“PDC*line, our proprietary allogeneic cell line of Plasmacytoid Dendritic Cells solves the industrial limitations faced by immunotherapies based on dendritic cells currently on the market or in clinical development. Additionally PDC*line is much more potent than conventional dendritic cells to expand anti-tumor CD8+ T cells in vitro.” – Joel Plumas, PhD (Co-Founder & CSO)

PDC*vac, a new class of antigen – specific active immunotherapies

PDC*vac is a breakthrough antigen – specific active immunotherapy based on PDC*line, a proprietary allogenic cell line of Plasmacytoid Dendritic Cells (human origin) loaded with target tumor antigens. It is the only immunotherapy based on a cell line of Dendritic Cells (DC) and the only one based on DCs of Plasmacytoid type.

PDC*line displays very strong antigen presenting cell abilities allowing the priming of antitumor naïve CD8+ cells in vitro and in vivo (humanized mouse model). PDC*line is much more potent than conventional DC to expand fully functional antitumor CD8+ T-cells from tumor infiltrating lymphocytes (Aspord et al, 2010; 2012). Original features of PDC*line (expression of key costimulatory molecules in absence of PD-L1 expression…) explain its superiority over conventional DC.

PDC*line is fully qualified and available at clinical grade. It very easy to expand on synthetic medium in bioreactors. It can be loaded with synthetic peptides derived from a combination of tumor antigens relevant for a targeted cancer type. The off-the-shelf product (ATMP classification) can be stored frozen for years. Once injected to patients, it induces a potent and targeted cytotoxic T cell response against the tumor cells.

PDC*vac technology benefits from a robust proof of concept ex vivo (blood samples from cord blood, heathy donors, melanoma and lung cancer patients) and in vivo (humanized mouse models, including an aggressive grafted model of melanoma). A first-in-human phase 1 trial in melanoma has also shown positive results.

Competitive Advantages

Because of its unique features, PDC*vac is expected to be highly scalable, potent and versatile.

Scalable & convenient

PDC*vac is an off-the-shelf highly qualified and standardized product, which has a much lower production cost and is more convenient to produce, control, develop and commercialize than conventional autologous DC-based immunotherapies. A standardized product can be used to treat all HLA-A2+ patients with the same cancer type.


Potent & effective

The potency of PDC*vac and its expected superior efficacy are due to 2 essential features:

  • PDC*line: Ex vivo studies have shown (Aspord, PlosOne 2010) that PDC*line much more potently induced specific cytotoxic T cell expansion than conventional DCs (20 times more potent than autologous DCs, and 200 times more potent than allogeneic DCs, that may be affected by disease and previous treatments).
  • Multi-specific active immunotherapy: PDC*vac is an active immunotherapy targeting several well-expressed tumour antigens which improve tumour targeting, thus limiting the risk of tumour escape.
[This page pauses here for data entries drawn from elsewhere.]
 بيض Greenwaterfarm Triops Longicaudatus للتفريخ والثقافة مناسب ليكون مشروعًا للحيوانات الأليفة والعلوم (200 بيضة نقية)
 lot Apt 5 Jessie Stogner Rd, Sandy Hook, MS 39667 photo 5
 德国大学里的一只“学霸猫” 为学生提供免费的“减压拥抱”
Versatile & applicable to any cancers

PDC*vac is easy and rapid to develop a new candidate for any type of cancer. To change the target tumour, all that is required is to adapt the tumour peptides loaded.

Intellectual property

IP protection at PDC*line Pharma relies on 3 pillars (licensed from EFS):

  • A proprietary cell line (PDC*line), including clinical-grade cell banks,
  • 2 patents, with very good geographical coverage, protecting PDC*line (WO 2004/061089) and the use of PDC cell lines in active immunotherapy (WO 2009/138489),
  • R&D data and manufacturing know-how developed since 1999.

Key publications

  • Aspord C, Leccia MT, Salameire D, Laurin D, Chaperot L, Charles J, Plumas J. HLA-A(*)0201(+) plasmacytoid dendritic cells provide a cell-based immunotherapy for melanoma patients. J Invest Dermatol. 2012 Oct;132(10):2395-406.
  • Aspord C, Charles J, Leccia MT, Laurin D, Richard MJ, Chaperot L, Plumas J. A novel cancer vaccine strategy based on HLA-A*0201 matched allogeneic plasmacytoid dendritic cells. PLoS One. 2010 May 4;5(5):e10458.